2 – Margherita Fantoli Parsing Latin mathematical texts: concepts embedded in structures
This talk wants to present a joint starting project of Miryam de Lhoneux and Margherita Fantoli. The final goal of the project is to study the evolution of the syntax of mathematical texts from Greek to Latin, by focussing on the Latin humanistic translations of the Archimedean corpus. The first step of the project consists in automatically parsing the Greek and Latin texts to be able to compare their syntactic structure. Here I will discuss the application by Miryam de Lhoneux of the dependency parsing model to the Latin translation of the Quadrature of the Parabola and comment on the first linguistic features emerging from this step.
3 – Martina Rodda Can Distributional Semantics tell us something about Homer?

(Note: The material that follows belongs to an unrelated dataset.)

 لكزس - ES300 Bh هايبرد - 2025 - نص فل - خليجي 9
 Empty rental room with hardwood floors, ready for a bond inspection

Distributional Semantics is currently one of the most promising approaches to the study of meaning and language change in Computational Linguistics. The wider availability of big data and of reproducible algorithms for analysis has boosted its application to living languages in recent years. But can we use DS to study a dead language with a limited corpus like ancient Greek? And can this approach tell us something about such vexed questions in classical studies as the language and composition of the Homeric poems? My talk explores some answers to these questions, highlighting both promising results and current challenges.
4 – Rachele Sprugnoli and Marco Passarotti Latin Embeddings and the LiLa Knowledge Base of Interlinked Resources for Latin
In our talk, we present the structure and the linguistic resources currently included in the LiLa Knowledge Base, i.e. a collection of multifarious textual and lexical resources for Latin described with the same vocabulary of knowledge description and interlinked according to the principles of the Linked Data paradigm. We also present a set of lemma embeddings for Latin and a couple of experiments using such embeddings for inducing sentiment lexicons and for analyzing diachronical language change in two Latin corpora.

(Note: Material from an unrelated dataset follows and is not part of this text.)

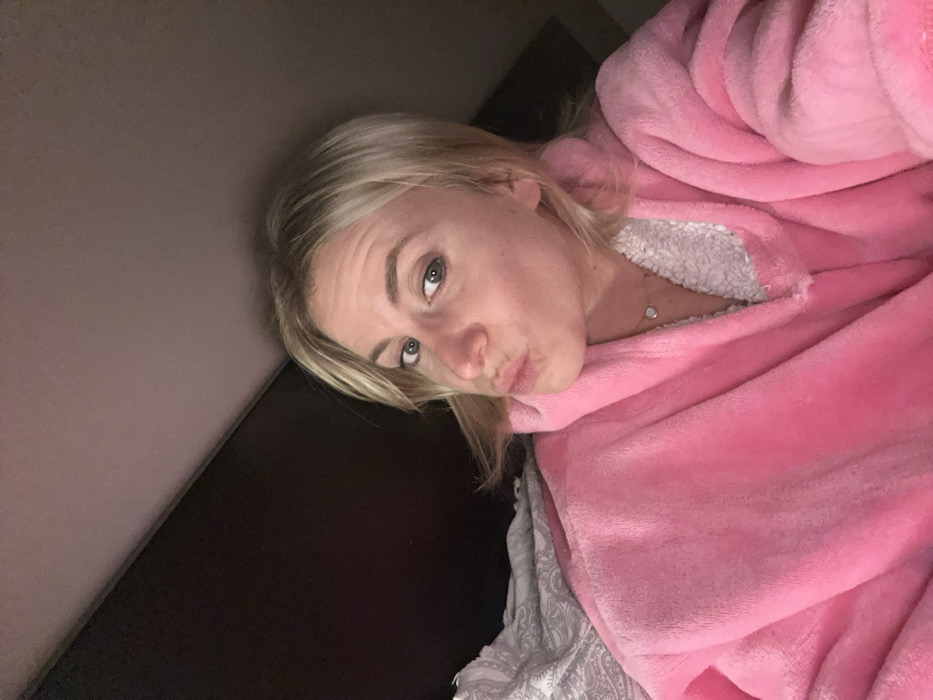 Woman documents evening bedroom moments in Chambœuf, France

5 – Silvia Stopponi, Evelien de Graaf, Malvina Nissim and Saskia Peels (RUG) Creating an Open-Access Benchmark for the Evaluation of Distributional Semantic Models of Ancient Greek & Automatic lemmatization of Ancient Greek Inscriptions
The first part of the talk presents a work-in-progress aiming at building from human judgments an open-access benchmark for the evaluation of semantic models of ancient Greek, which will be freely accessible. We address the theoretical and practical problems encountered in the whole process, from the design of the two surveys used for data collection, to the post-processing and analysis of results. We focus in particular on the results of the first survey, and we will discuss some issues that arose during their analysis. We show how this data can be used to evaluate semantic models, but also to compare the knowledge of humans and machines about semantic relatedness.
The second part of our talk focuses on our project regarding the Automatic lemmatization of Ancient Greek Inscriptions. Most existing lemmatizers for Ancient Greek have been trained on literary Greek and will thus perform worse on the highly varied Greek of inscriptions (regional dialect, spelling mistakes etc.). We present our analysis of the performance of three available lemmatizers for ancient Greek: GLEM (Bary et al., 2017), the Classical Language Toolkit lemmatizer (Burns, 2020) and the UDPipe lemmatizer (Straka, 2019) on the manually lemmatized corpus Collection of Greek Ritual Norms project (CGRN, Carbon et al., 2016). Besides this, we present our efforts in the creation of a lemmatizer specifically trained for Ancient Greek inscriptions.